La bajada resultaba mucho más rápida y cómoda. Pronto pudo oír el sonido de agua de un río o de un arroyo. Aceleró el paso, casi corría mientras Laia le seguía animada. Por fin vislumbró el final, el último peldaño, y al fondo, un manto de flores de todos los colores, y qué raro, las dos mariposas lucían sus alas posadas sobre unos lirios silvestres…Un poco más allá, en la penumbra, un concurrido bosquecillo alumbrado por cientos y cientos de luciérnagas.

Tim se detuvo a contemplar la belleza del lugar. Él y Laia estaban sedientos y se refrescaron bebiendo el agua del río que atravesaba aquel paraje. Luego se echaron sobre la hierba. Aquello era un oasis, un paraíso para disfrutar de la naturaleza en su plenitud ¿por qué entonces contaban esas historias macabras que alejaban a la gente?
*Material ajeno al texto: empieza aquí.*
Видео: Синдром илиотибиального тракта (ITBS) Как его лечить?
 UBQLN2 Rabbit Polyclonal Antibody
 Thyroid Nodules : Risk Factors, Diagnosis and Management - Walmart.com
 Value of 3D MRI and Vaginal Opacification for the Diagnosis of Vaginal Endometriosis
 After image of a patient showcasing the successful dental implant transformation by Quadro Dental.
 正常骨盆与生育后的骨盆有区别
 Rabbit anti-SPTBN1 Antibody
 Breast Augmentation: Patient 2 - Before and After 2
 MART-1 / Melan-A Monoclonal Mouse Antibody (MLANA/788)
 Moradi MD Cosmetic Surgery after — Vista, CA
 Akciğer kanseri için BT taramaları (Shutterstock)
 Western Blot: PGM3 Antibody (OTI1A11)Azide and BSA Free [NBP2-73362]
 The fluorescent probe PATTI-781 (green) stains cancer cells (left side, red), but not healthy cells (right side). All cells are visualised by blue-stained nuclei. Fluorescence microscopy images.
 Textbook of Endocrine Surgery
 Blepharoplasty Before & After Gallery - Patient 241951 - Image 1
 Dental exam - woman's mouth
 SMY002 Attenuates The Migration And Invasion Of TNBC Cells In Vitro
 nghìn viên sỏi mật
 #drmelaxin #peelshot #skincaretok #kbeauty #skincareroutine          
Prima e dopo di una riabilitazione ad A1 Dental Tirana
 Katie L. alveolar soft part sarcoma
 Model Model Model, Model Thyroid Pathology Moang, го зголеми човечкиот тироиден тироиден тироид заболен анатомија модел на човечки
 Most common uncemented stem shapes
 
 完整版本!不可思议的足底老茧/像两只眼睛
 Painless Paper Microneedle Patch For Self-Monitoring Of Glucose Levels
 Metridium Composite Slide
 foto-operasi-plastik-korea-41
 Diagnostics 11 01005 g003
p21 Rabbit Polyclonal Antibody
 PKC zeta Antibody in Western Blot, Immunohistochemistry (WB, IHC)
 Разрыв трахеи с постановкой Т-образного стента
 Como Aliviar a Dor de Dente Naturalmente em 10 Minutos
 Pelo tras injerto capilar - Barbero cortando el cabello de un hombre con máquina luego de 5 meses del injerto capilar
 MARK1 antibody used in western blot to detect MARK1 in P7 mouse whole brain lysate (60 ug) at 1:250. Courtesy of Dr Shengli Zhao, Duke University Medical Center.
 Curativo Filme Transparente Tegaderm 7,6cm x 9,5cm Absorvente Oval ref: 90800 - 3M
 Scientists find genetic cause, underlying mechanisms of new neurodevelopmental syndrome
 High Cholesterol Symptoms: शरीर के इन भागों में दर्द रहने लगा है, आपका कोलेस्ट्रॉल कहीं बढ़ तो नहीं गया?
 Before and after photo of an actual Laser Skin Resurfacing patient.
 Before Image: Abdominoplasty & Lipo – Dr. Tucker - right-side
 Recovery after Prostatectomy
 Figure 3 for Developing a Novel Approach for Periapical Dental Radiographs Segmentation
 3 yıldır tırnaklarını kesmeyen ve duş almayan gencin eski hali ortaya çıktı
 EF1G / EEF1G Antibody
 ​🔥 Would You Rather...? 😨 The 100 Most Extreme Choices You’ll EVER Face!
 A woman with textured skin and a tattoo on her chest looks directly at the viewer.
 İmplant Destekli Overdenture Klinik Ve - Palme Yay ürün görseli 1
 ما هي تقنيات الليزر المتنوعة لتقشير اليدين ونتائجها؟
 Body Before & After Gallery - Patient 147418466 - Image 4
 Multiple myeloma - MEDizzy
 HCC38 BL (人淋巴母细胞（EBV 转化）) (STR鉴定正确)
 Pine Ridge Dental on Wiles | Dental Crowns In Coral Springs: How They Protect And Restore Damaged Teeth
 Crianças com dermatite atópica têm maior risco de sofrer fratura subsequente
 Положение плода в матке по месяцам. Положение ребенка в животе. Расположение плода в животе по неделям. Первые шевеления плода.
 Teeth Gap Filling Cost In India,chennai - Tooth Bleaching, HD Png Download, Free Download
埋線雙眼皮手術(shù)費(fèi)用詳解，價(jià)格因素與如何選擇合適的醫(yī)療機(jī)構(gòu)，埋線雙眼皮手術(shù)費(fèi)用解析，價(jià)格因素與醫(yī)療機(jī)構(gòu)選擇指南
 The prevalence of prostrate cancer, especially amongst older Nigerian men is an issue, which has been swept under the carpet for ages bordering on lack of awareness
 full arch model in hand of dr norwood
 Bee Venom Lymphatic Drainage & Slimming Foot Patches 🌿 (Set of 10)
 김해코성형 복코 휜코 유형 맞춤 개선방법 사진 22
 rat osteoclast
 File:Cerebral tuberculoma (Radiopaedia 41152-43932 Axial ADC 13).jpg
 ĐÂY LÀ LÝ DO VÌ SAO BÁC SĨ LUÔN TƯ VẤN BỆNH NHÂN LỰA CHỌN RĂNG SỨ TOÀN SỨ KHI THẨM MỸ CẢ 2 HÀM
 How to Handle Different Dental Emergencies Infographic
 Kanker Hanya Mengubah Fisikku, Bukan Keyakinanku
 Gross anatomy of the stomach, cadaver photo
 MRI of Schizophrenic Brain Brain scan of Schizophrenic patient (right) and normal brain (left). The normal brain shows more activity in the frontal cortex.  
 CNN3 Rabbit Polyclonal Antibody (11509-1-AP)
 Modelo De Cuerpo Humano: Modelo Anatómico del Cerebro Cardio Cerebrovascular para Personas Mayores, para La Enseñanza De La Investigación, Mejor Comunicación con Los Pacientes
Pensaba muy serio, frunciendo el ceño… 

Entonces, de entre los árboles, surgió la figura de un pequeño elfo de cabellos dorados, orejas puntiagudas y ojos almendrados: «Las mariposas alertaron de tu llegada y ya que estás aquí daré respuesta a tus preguntas. No queremos que nadie venga a perturbar este lugar y gracias a las leyendas que corren nadie viene. Tu presencia aquí pone en peligro esta reserva natural, por eso tienes que prometer que no contarás a nadie lo que has visto ni desmentirás los mitos que circulan para salvaguardarlo».

Tim se quedó pensativo mientras miraba a su alrededor y entonces puso la mano derecha sobre su corazón y dijo: «Guardaré tu secreto. Lo prometo» y el elfo desapareció.

De repente el niño sintió un enorme zarandeo en su cuerpo y los lametones de Laia en la cara. Abrió los ojos y oyó la voz de su madre: «Despierta vamos, es el primer día de colegio, no llegues tarde. ¿Acabaste la redacción sobre las ‘aventuras del verano’ que debía entregar?…»

Tim se sintió desconcertado. Y pasados los primeros instantes de confusión, sonrió. Luego se levantó, se vistió, desayunó y salió dispuesto a afrontar satisfecho su primera jornada escolar. Por el camino dos mariposas le seguían volando a su lado, posándose en cada una de las flores que encontraban mientras él sonreía satisfecho y feliz: el secreto del elfo estaba a salvo.